Nevada HOA collections are a rare exercise in the bizarre. Rarely do you see so many state departments intently focused on turning the tide of current HOA collection agency practices as you do in Nevada. And God bless them for doing so. More state officials should have the strength of character and integrity to untiringly work on behalf of beleaguered homeowners as those in Nevada.
An HOA in Nevada asked us to pursue some of their delinquent HOA dues, because the president didn’t want to throw away his community’s money on the lien and foreclosure gambit. He wanted to try something new. Something others said wouldn’t work. He wanted to try credit reporting. And are they ever happy they did. More on that in a moment.
You see, this president knew it only made sense that if people were still living in their home, they must be paying somebody something. You don’t just get to live in a home for free. If their lights are on, and they’re watching TV, and doing some shopping, obviously they’re paying some bills – just not their association dues.
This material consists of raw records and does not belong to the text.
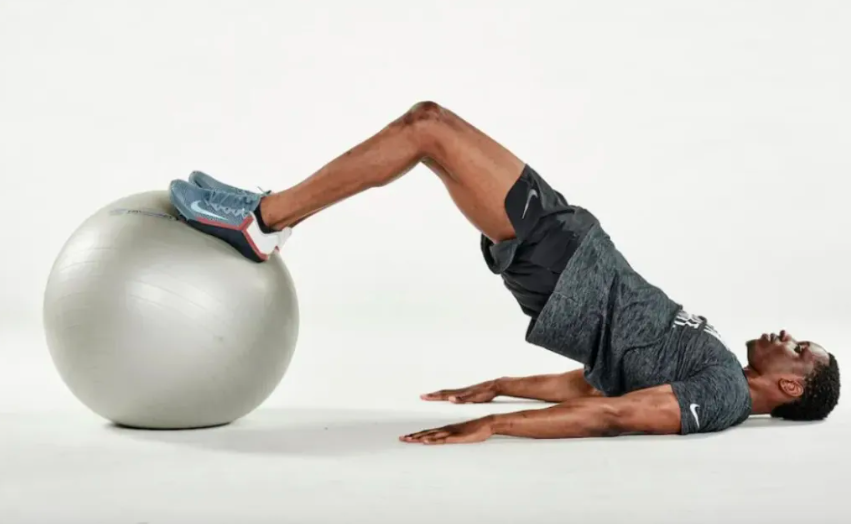 Man lying on the floor performing an exercise ball hamstring curl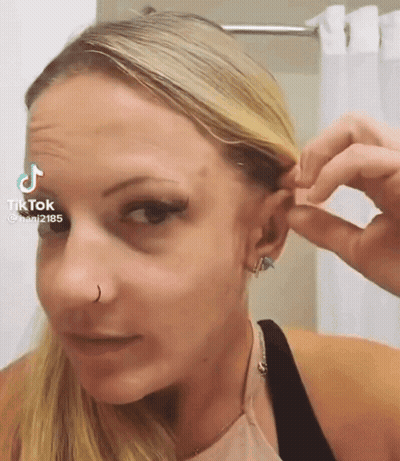 Woman Wearing Nose Ring And Earrings GIF
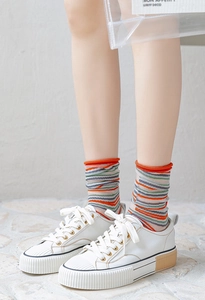 Detail of colorful striped crew socks with orange rolled cuffs and white platform sneakers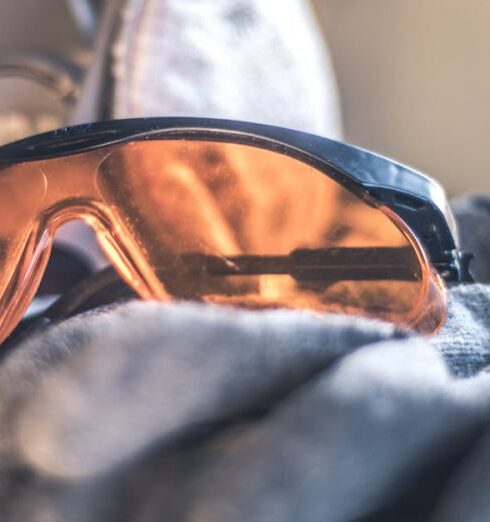 Gloves - Closeup Photo of Black Framed Brown Sunglasses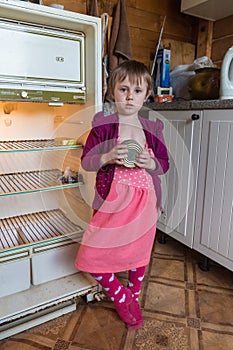 Hungry little girl in old clothes standing next to an empty refrigerator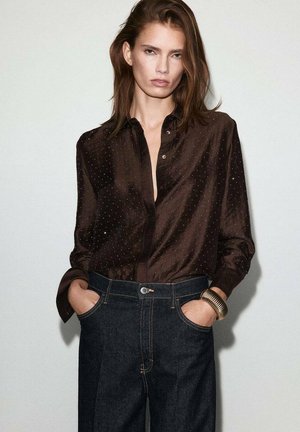 Chemise en soie marron avec un motif à pois subtil, dotée d'un col boutonné et de manches longues, associée à un jean en denim sombre taille haute.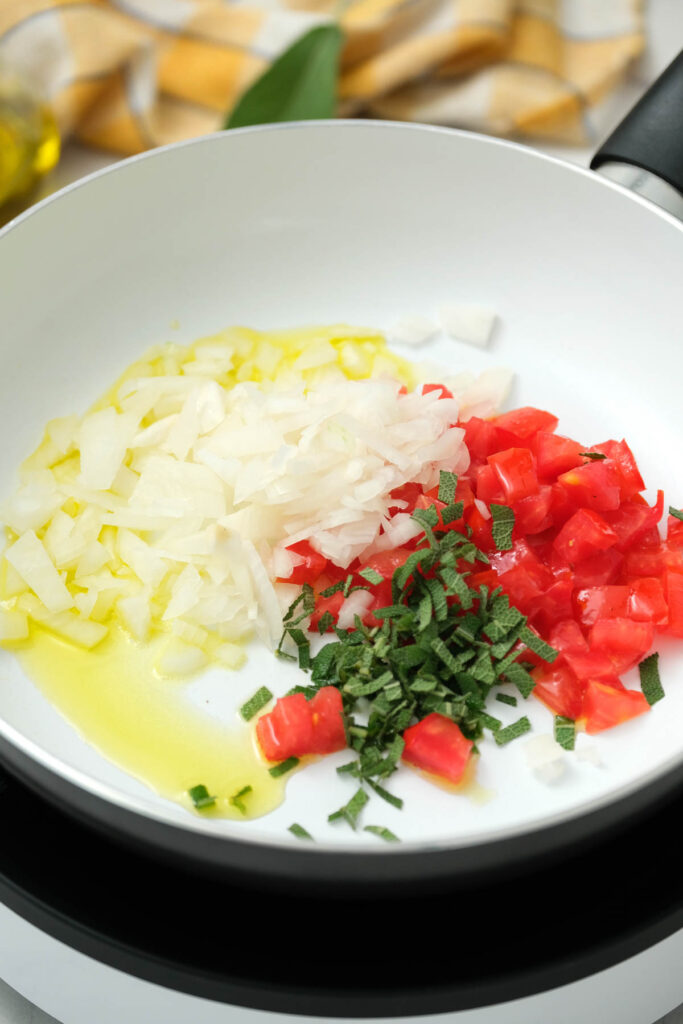 onions, oil, tomatoes, and sage in pan.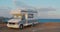 Aerial view. Scenic Sea. Modern Motorhome Rv on the Sea Coast. Concept Vacation on the Road. Timelapse.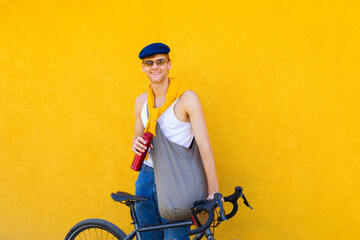 man standing on the street with a bicycle
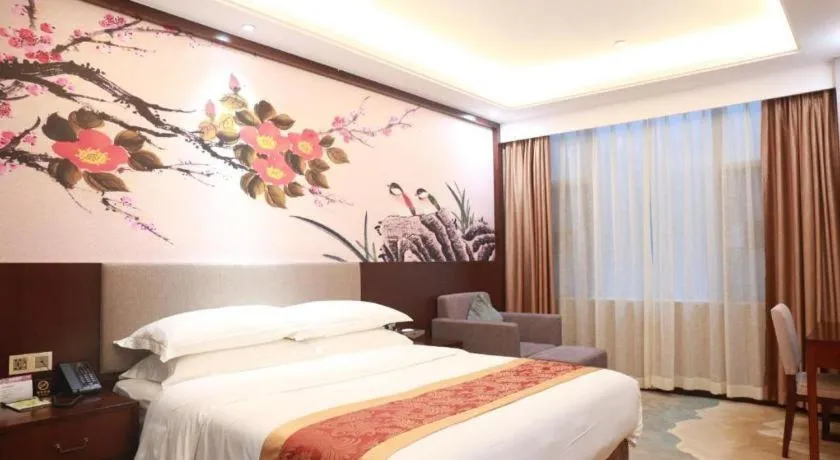 Bed in Nan Guo Hotel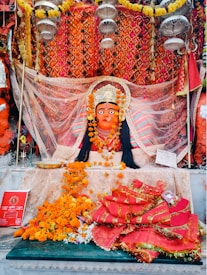 A vibrant and ornate statue of a deity adorned with a crown, surrounded by colorful fabric and garlands of marigold flowers. The background features an intricate, patterned orange and gold cloth. Offerings and religious items are placed in front, including flowers and a red booklet.
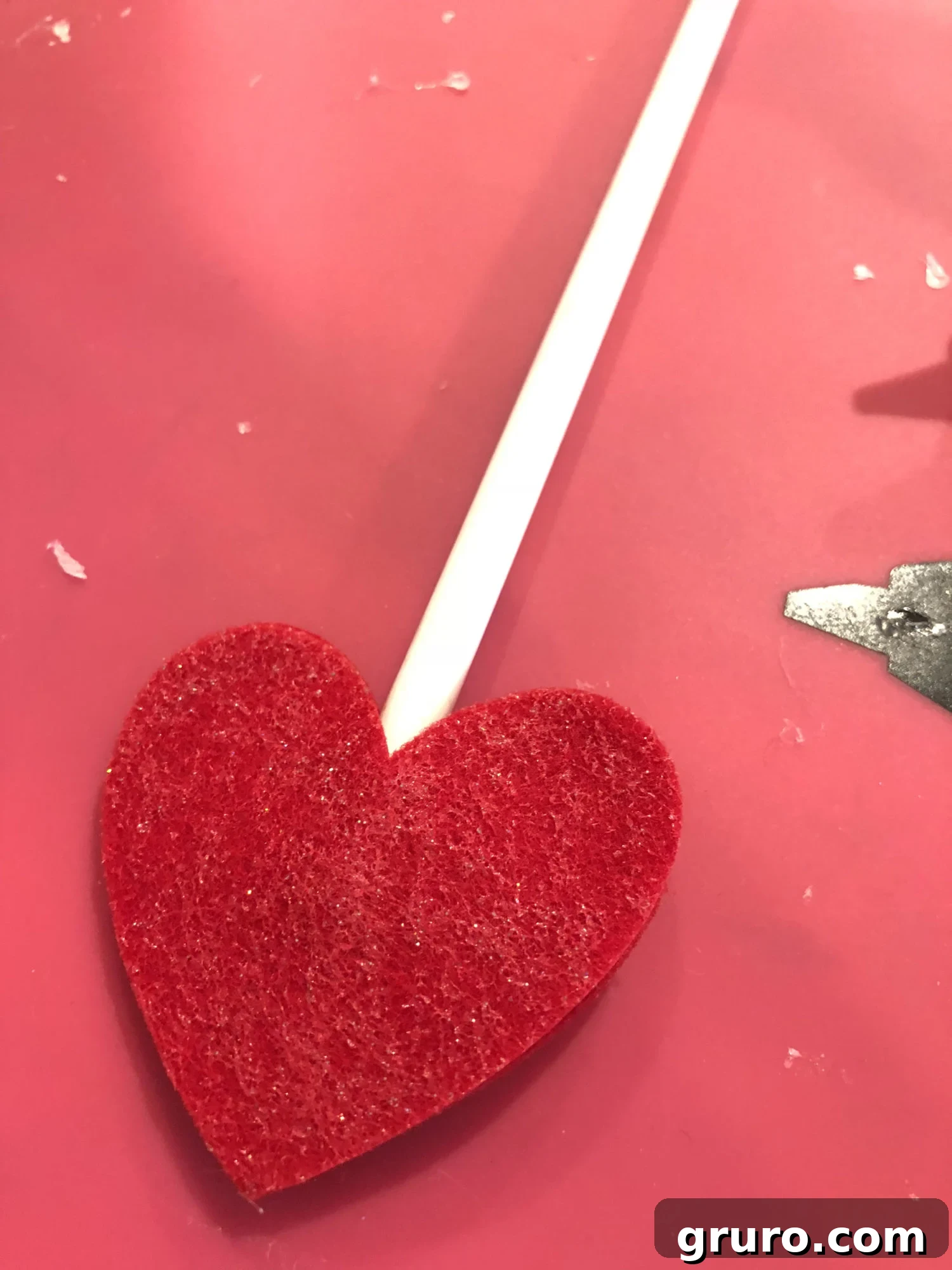 Inserting a pencil into the felt heart topper and pressing to secure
Nevada HOA Collection’s Biggest Problem
“Now how can we get our dues on that list?” became his gnawing question. He thought about what the difference was between his bill (the assessments) and those other bills his delinquent homeowners were paying. Obviously some things were for recreation or leisure. Unfortunately there’s no way to make HOA dues fun. Then there were necessities like food, gas, and electricity. But some folks don’t really look at their dues as a necessity.
Then he asked a simple question that changed everything. “What happens when people don’t pay those other bills? They either lose access to those things – or they get credit reported.” Voilà. He searched the internet to find out how to credit report HOA dues and found us.
His association only had a few delinquencies, but the money owed them was fairly substantial. The board instantly saw the common sense in using the same motivation credit card companies, banks, and mortgage companies use all the time. So they asked their management company to schedule an interview. They liked what they heard and moved forward.
Two Keys to Nevada HOA Collection Success
One of the properties was a rental, and all the board had to go on was the property address. So the first step was to use skip tracing to locate the property owner. Proper skip tracing assures you have the most accurate contact information for delinquent homeowners. It should always be used with delinquencies, because it facilitates a high degree of communication – something very important when people owe you money.
Another important element in resolving Nevada HOA collections is that homeowners should always be instructed to pay their board or its management firm directly. Nobody ever wants to pay a third party debt collector. So you swing the momentum of that human nature into your favor when you tell homeowners to pay the people they owe directly. It just makes it that much easier for them to pay their late dues.
We didn’t collect the one big balance the association president really wanted to see us get in their first batch of accounts. (Sorry about that). But we did recover one account that had been with another collection agency for two-and-a-half years. And all told, the money we recovered for this HOA was in the low five digits, and it only cost the HOA $320. Saying the board was ecstatic would be a mild understatement. But then again, it’s always nice to see common sense measures still work.
The saga of Nevada HOA collections doesn’t have to be such a wrenching tumult of legal fees and collection costs burying homeowners, and marring the state with foreclosures. The fact is, you can resolve most delinquencies with a little $25 process that’s worked wonders across a vast array of industries for decades. And your board can have some peace of mind in recovering dues with a more amicable process for its families.